Nearly 3m Californians are preparing to spend their weekend without power after Pacific Gas and Electric confirmed it will be shutting off electricity across 36 counties to avoid the risk of wild fires.
On Saturday morning PG&E, which supplies electricity and natural gas to most of northern California, expanded the projected number of customers to be affected by 90,000 to 940,000, hitting an estimated 2.8m people.
The California Department of Forestry and Fire Protection also issued a mandatory evacuation to 50,000 residents.
Governor Gavin Newsom, who on Friday blamed “decades of greed and mismanagement by PG&E,” tweeted on Saturday “If you live in the area, please stay safe, alert, and follow directions of local officials.”
The shut-offs, which have sparked outrage, are expected to begin around 2pm, in six zones spanning 36 counties including Western Sacramento Valley and the densely populated greater Bay area — home to Silicon Valley. They are meant to prevent power lines from igniting fires owing to strong winds.
Outages are likely to be felt across many parts of the region. Utilities in southern California also warned of more contained power outages.
In Marin County, north of the Golden Gate Bridge, the Sheriff’s Office said electricity would be shut down around 4pm local time and told residents they “should be prepared to be without power for up to 5 days.”
The Sheriff’s Office also recommended residents identify evacuation routes, take stock of non-perishable foods, have petrol filled in their cars and be prepared to leave quickly.
The expected shutdown would be a more extensive repeat of the 36-hour blackout earlier this month that cut power to 750,000 PG&E customers, as the realities of living in a region that has become more vulnerable to catastrophic wildfires began to hit home.
Autumnal conditions — when a long, dry season draws to a close and strong winds pick up — make California particularly susceptible to wildfires.

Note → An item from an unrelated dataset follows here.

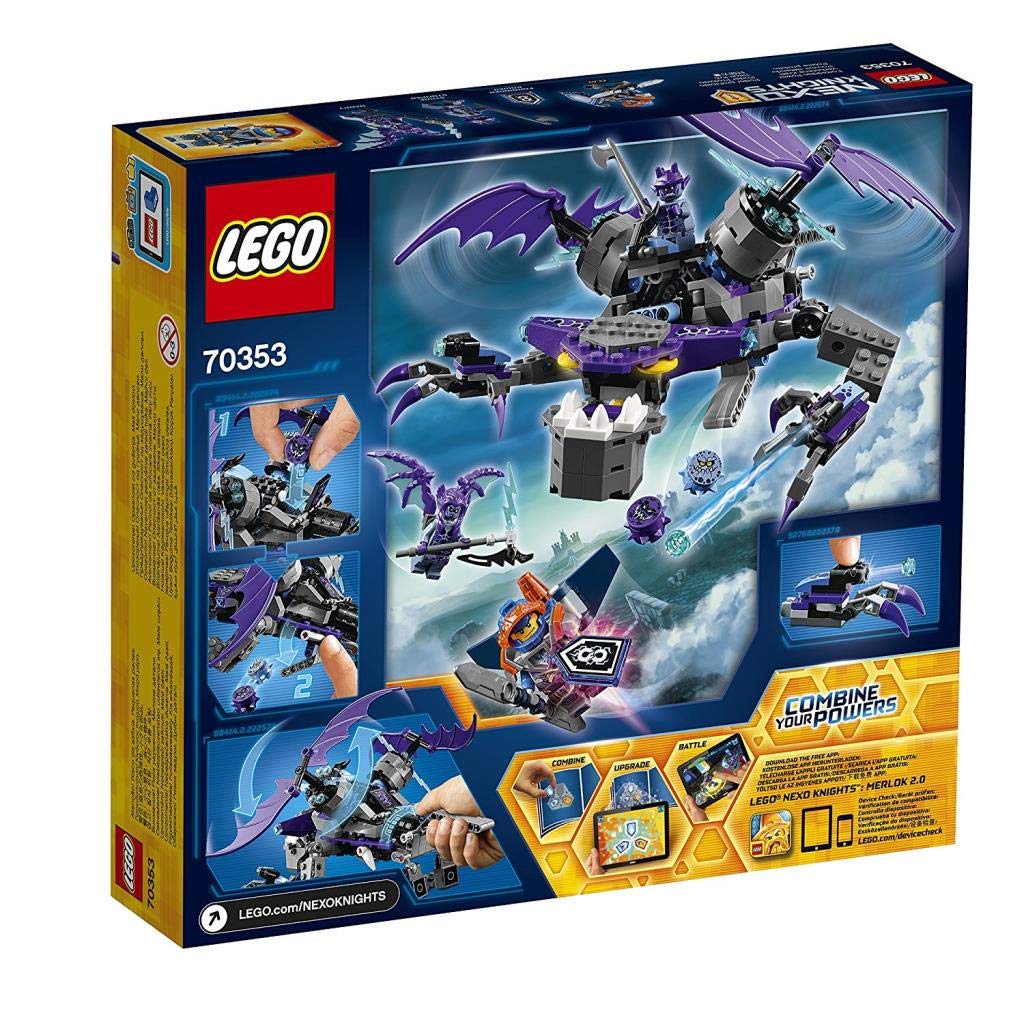 LEGO Nex Knights Heligoyle 70353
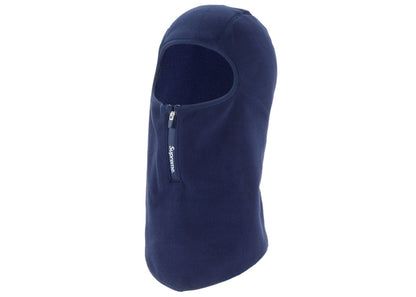 Supreme Polartec Zip Balaclava (FW25) Navy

But climate change has been blamed for a steady increase in the dangers, brought home by several years of drought earlier this decade and the past two years of record conflagrations.
Serious fires in 2017 and 2018 were blamed on faulty PG&E transmission equipment, prompting it to take greater precautions when the fire danger is at its highest. The utility sought bankruptcy protection early this year as it tried to deal with liabilities from the past two years of fires, estimated at anywhere from $15bn to more than $50bn.

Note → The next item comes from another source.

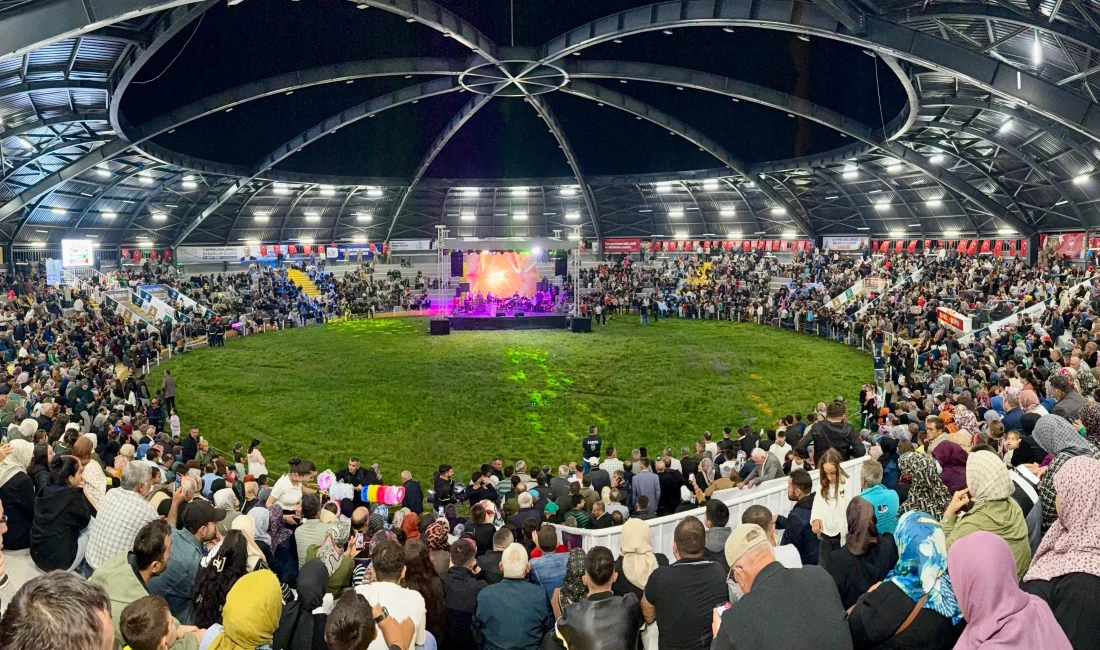 22. Taşköprü Hasat Sonu Festivali’nin ikinci günü yine dolu dolu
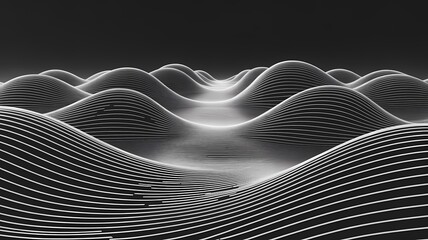 abstract wave background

The warning of more extensive power cuts stirred a fresh round of anger on Friday, causing local politicians to scurry for cover. Governor Newsom called the situation “unacceptable”, adding: “Issues of corporate greed meeting issues of climate change have created these conditions.”
The local economy should be largely unaffected by sporadic power cuts, even if they last for days, said Christopher Thornberg, an economist at Beacon Economics in Los Angeles. But the inability to keep the lights and air conditioners on has dented the region’s self-image. “What we’re talking about is a reduction in consumer utility — in happiness,” Mr Thornberg said.

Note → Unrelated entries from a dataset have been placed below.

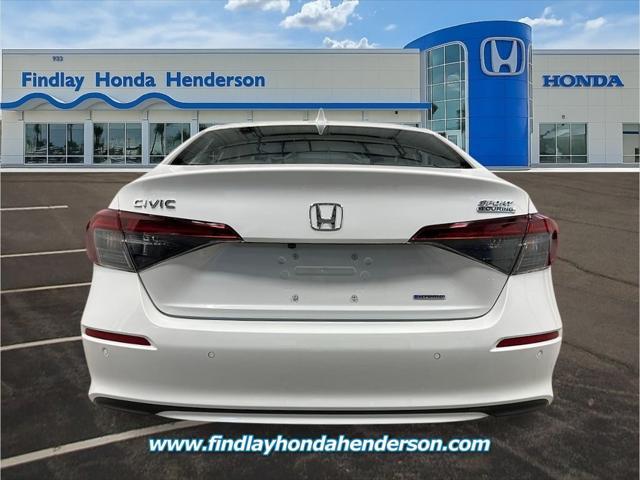 new 2025 Honda Civic Hybrid car, priced at $33,187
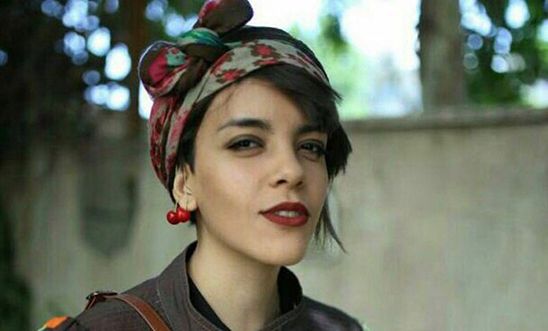 Yasaman Aryani - jailed for fighting for women's rights Yasaman Aryani - jailed for fighting for women's rights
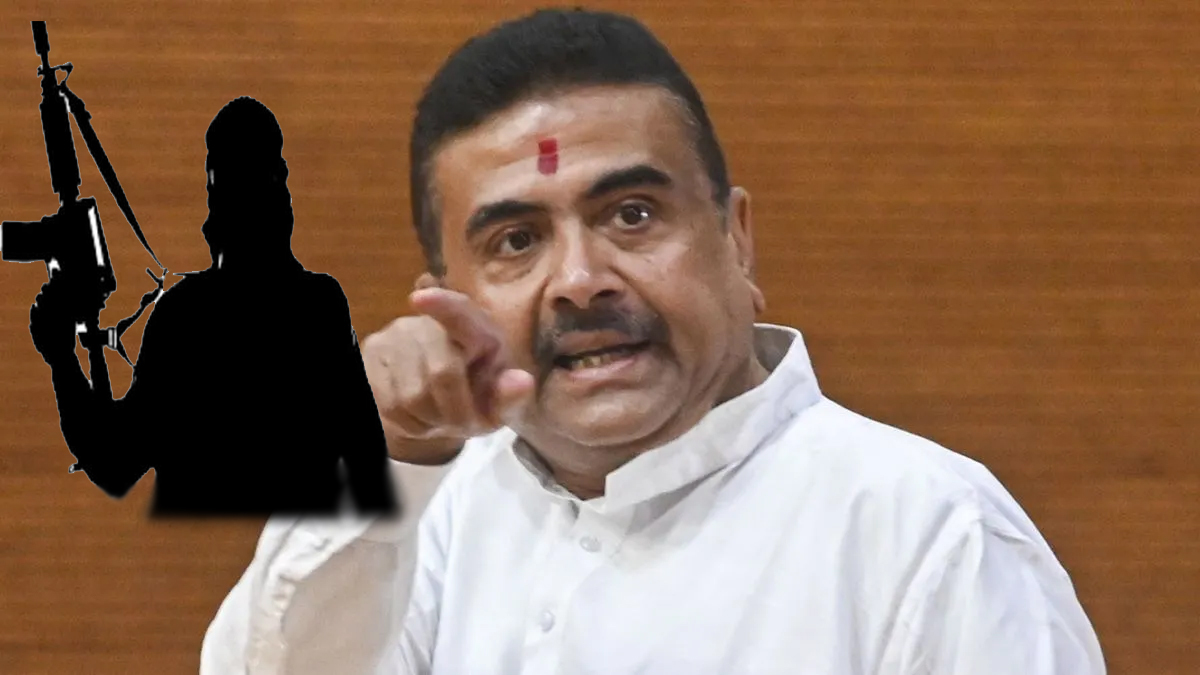 बंगाल से जैश-ए-मोहम्मद का संदिग्ध आतंकी मोहम्मद हामिद गिरफ्तार, CM शुभेंदु अधिकारी की वीआईपी मूवमेंट से जुड़े दस्तावेज बरामद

PG&E’s predicament has sharpened a fight among the state’s public utility commission, politicians and local cities over how best to manage local electricity services. San Jose, which lies at the southern end of Silicon Valley, has proposed a city takeover of its local power system, wresting control from PG&E.
The company’s struggles have also prompted a battle among hedge funds over the spoils that could come from a financial restructuring. Investors who have stepped in to buy the utility’s battered stock have asked the court to approve a plan that would leave existing shareholders with an ongoing interest in the company. However, the court opened the door recently to a rival plan, proposed by bondholders led by activist investor Elliott Management, that would virtually wipe out the value of the stock.
“There’s a lot of money out there” to back a rescue, said Mr Thornberg, thanks to the ability of regulated power companies to pass on their costs to ratepayers. “The question is, how much of the past cost can they push off on to someone else?”
Meanwhile, PG&E’s shares, already down 85 per cent since it fell into bankruptcy in January, plunged 25 per cent on Friday, to $5.40, as the company faced blame for a fire that broke out earlier this week in a rural area 75 miles north of San Francisco.
The company shut down power to customers in the area 10 minutes before the fire began after detecting a fault in its equipment. But it kept the main transmission lines in the area open after an inspection appeared to show they were “in excellent condition”, said Bill Johnson, chief executive.